Last Updated on August 2, 2021
PLOT: A Denver-based mid-level accountant for a major corporation finds his identity stolen by a con artist in Florida. In order to clear his name, he has to retrieve the con artist and bring her to justice before everything in his life disappears.
REVIEW:
Here’s my thing with Melissa McCarthy. I think she’s good at what she does, I just don’t like what she’s doing. Granted, I’ve had very limited exposure to the comedienne; I’ve seen BRIDESMAIDS and now IDENTITY THIEF, and in both she portrays a vulgar and incessantly loud woman whose shamelessness hides a fragile soul. In both movies she allows us to laugh with her and at her, because like a female Chris Farley she throws her imposing frame around with reckless abandon, always seemingly desperate for laughs. There’s also quite obviously a decent person underneath all the manic buster, but that shamelessness comes at a price, because until that wounded soul comes out, it’s a little hard to tolerate the over-the-top antics.

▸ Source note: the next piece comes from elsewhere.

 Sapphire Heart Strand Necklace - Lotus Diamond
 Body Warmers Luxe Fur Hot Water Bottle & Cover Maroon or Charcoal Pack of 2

In IDENTITY THIEF, McCarthy plays a woman named Diana, the slovenly thief in question who steals the name of Sandy Bigelow Patterson (Jason Bateman, basically playing himself) to fund an exorbitant lifestyle filled with $2,000 bar bills, shopping sprees and every other possible extravagance. Patterson discovers this well after his name has been run into the ground, his new job is on the line and the police are looking at him for a series of charges. Through some logic that only makes sense in the movies, Patterson decides to travel to Diana in Florida from Denver, take her back to his homebase, and clear his good name of all the dirt she has piled on it.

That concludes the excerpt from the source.